Moving Beyond the Summer Slide: Evidence-Based Results with Summer Tutoring Services
“If children can’t learn the way we teach, then we have to teach the way they learn”
– Ignacio Estrada

The Science of Reading: Why Our Methodology Works
Summer vacation provides the ideal window to focus on your child’s literacy skills without the added weight and pressure of daily school homework. At Reading with Results, our summer tutoring services are grounded in the Science of Reading, a research-based educational framework detailing how the human brain learns to process written language.
True dyslexia stems from an underlying deficit in Phonological Processing, which is the language ability to identify and manipulate individual sounds within words. To bridge this gap, our summer programs use the prestigious Orton-Gillingham Approach, a scientifically proven framework engineered to rewire the brain’s language centers.
During our sessions, tutors employ multisensory techniques that simultaneously engage visual, auditory, and kinesthetic pathways to reinforce neural connections.
Students don’t just look at letters; they manipulate color-coded tiles representing distinct letter sounds, syllables, and word parts.

Structured Literacy vs. Guessing: Why We Are Better Than General Summer Tutoring
Many parents mistakenly look into traditional school makeup classes or general summer tutors who only offer basic homework help, casual book clubs, or generalized study skills. Unfortunately, these standard methods don’t provide the intervention a dyslexic mind requires to thrive.
To alter how a student processes language, instruction must have a framework of Structured Literacy. This is where Reading with Results stands apart from general services. Many balanced literacy or integrated public school language arts models tend to teach children to play a guessing game, encouraging them to guess unknown words based on context clues, illustrations, or sentence prediction.
For a child with dyslexia, these guessing habits are destructive because they hide underlying phonological weaknesses.
Our intensive 1:1 summer tutoring works to break this cycle. We use an instructional strategy that incorporates nonsense words. As a nonsense word can’t be found in a visual memory bank or predicted via context, it suppresses visual shape guessing. This makes the student’s brain rely on phonetic decoding, eventually mastering the logical rules of English orthography.

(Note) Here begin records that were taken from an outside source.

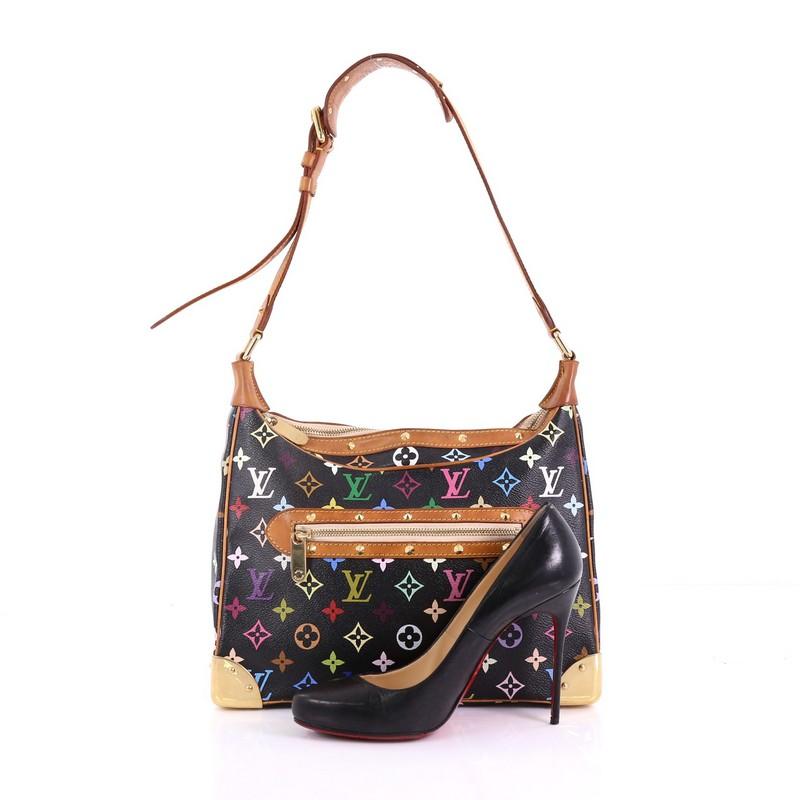 This Louis Vuitton Boulogne Handbag Monogram Multicolor, crafted from black multicolor monogram coated canvas, features an adjustable shoulder strap and gold-tone hardware. Its top zip closure opens to a taupe microfiber interior with zip and slip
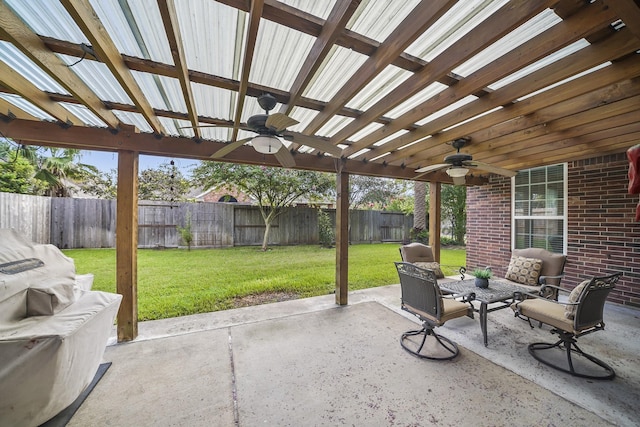 3343 Summerwood Ln, Pearland, TX 77584 - fenced backyard with a ceiling fan, a patio, an outdoor hangout area, and a pergola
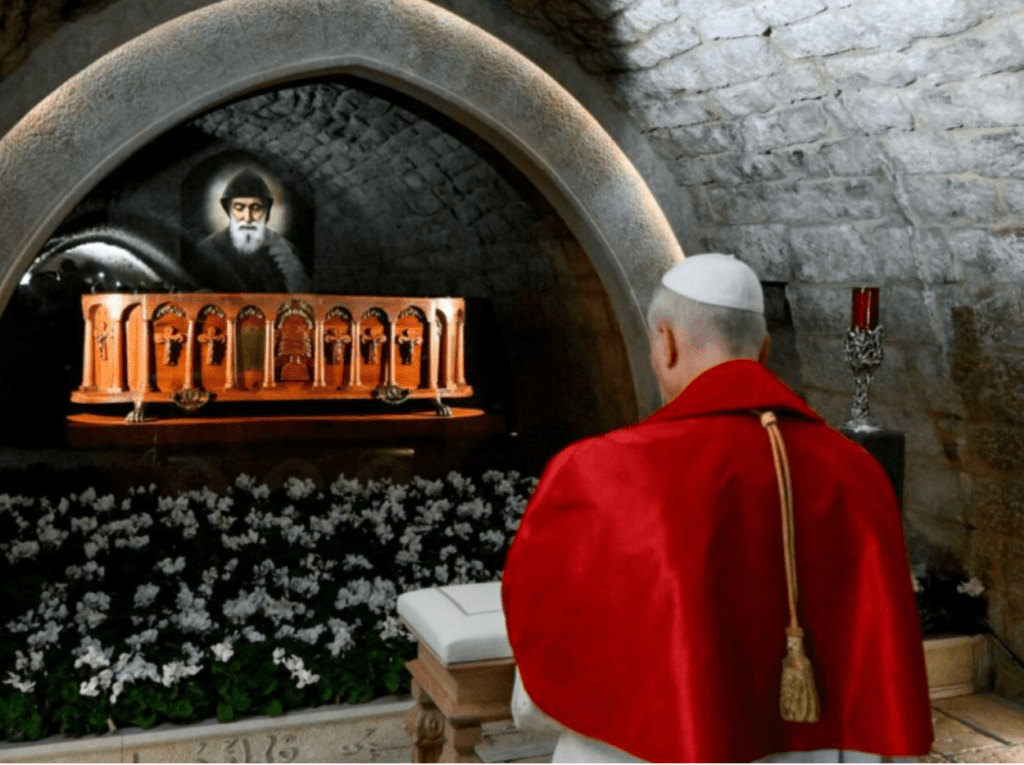 Pope Leo XIV praying at the tomb of the Lebanese monk Saint Charbel Makhlouf.
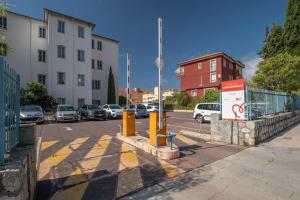 a street with cars parked in a parking lot at Hôtel Miléade L'Orangeraie - Menton in Menton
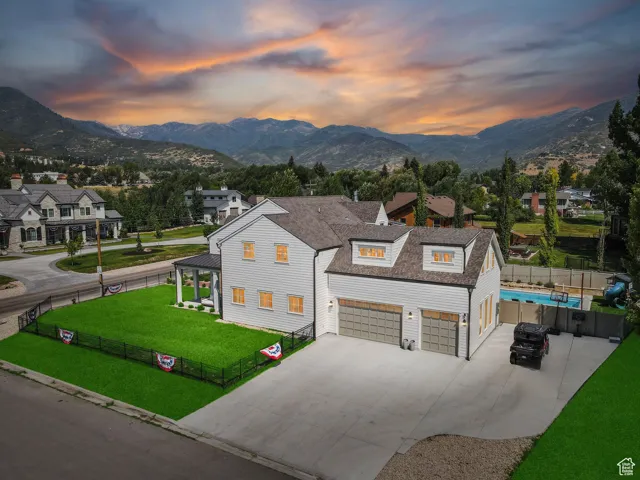 Modern farmhouse with concrete driveway, a mountain view, roof with shingles, and a garage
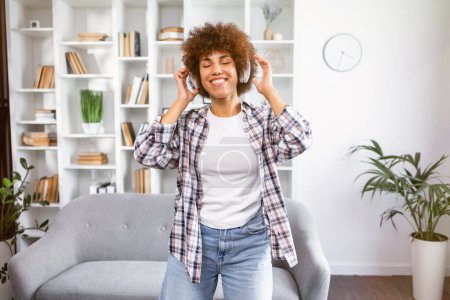 Photo for Carefree woman listening to music and singing, using headphones in living room, copy space. Happy young lady with closed eyes enjoying music, home interior - Royalty Free Image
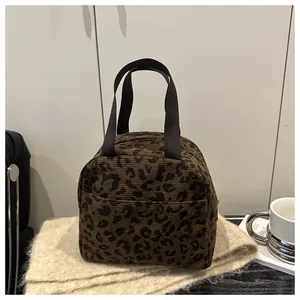 Detail of leopard print corduroy lunch bag featuring soft texture and sturdy handles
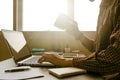 A man holding a cup of coffee and working on laptop in offic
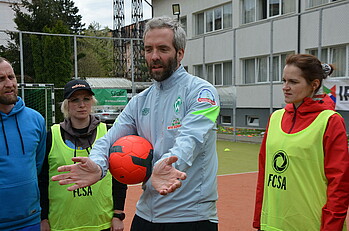 Henrik Oesau Vertreter des SV Werder Bremens erklärt mit einem Ball unter dem Arm 3 Personen eine Übung.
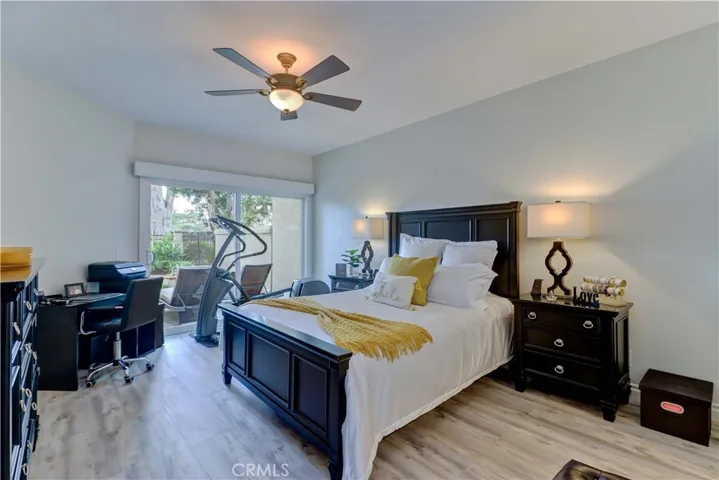 Main floor primary bedroom with view of the golf course.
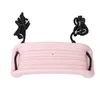 A pastel pink plastic swing seat with black ropes attached, isolated on a white background. Anteprima dell’immagine prodotto
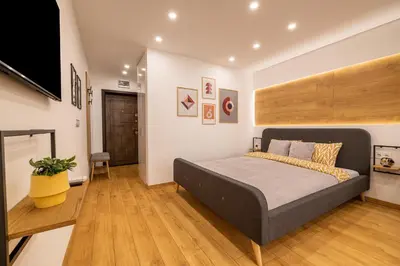 a bedroom with a bed and a flat screen tv at Luxury Studio Living High-End Amenities and Great Location by Flat Mаnager in Sofia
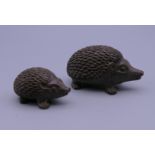 A pair of bronze hedgehogs. 5 cm long and 3.5 cm long.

The Roadmap to Mastery: A Proven Progression, Not a Quick Summer Fix
Parents must recognize that true literacy remediation requires dedication and long-term commitment; it is not a quick fix that can be completed in just a few weeks. However, the data-driven outcomes are life-changing. At Reading with Results, our intervention engine is the Barton Reading and Spelling System, an internationally recognized literacy program.
The program is broken down into 10 sequential levels designed to take a struggling student up to a mid-ninth-grade reading level.
Rather than advancing according to a strict calendar, our program is based on mastering. Our professional reading tutors assess for absolute mastery, ensuring a child grasps the underlying logic of a concept before moving to the next level.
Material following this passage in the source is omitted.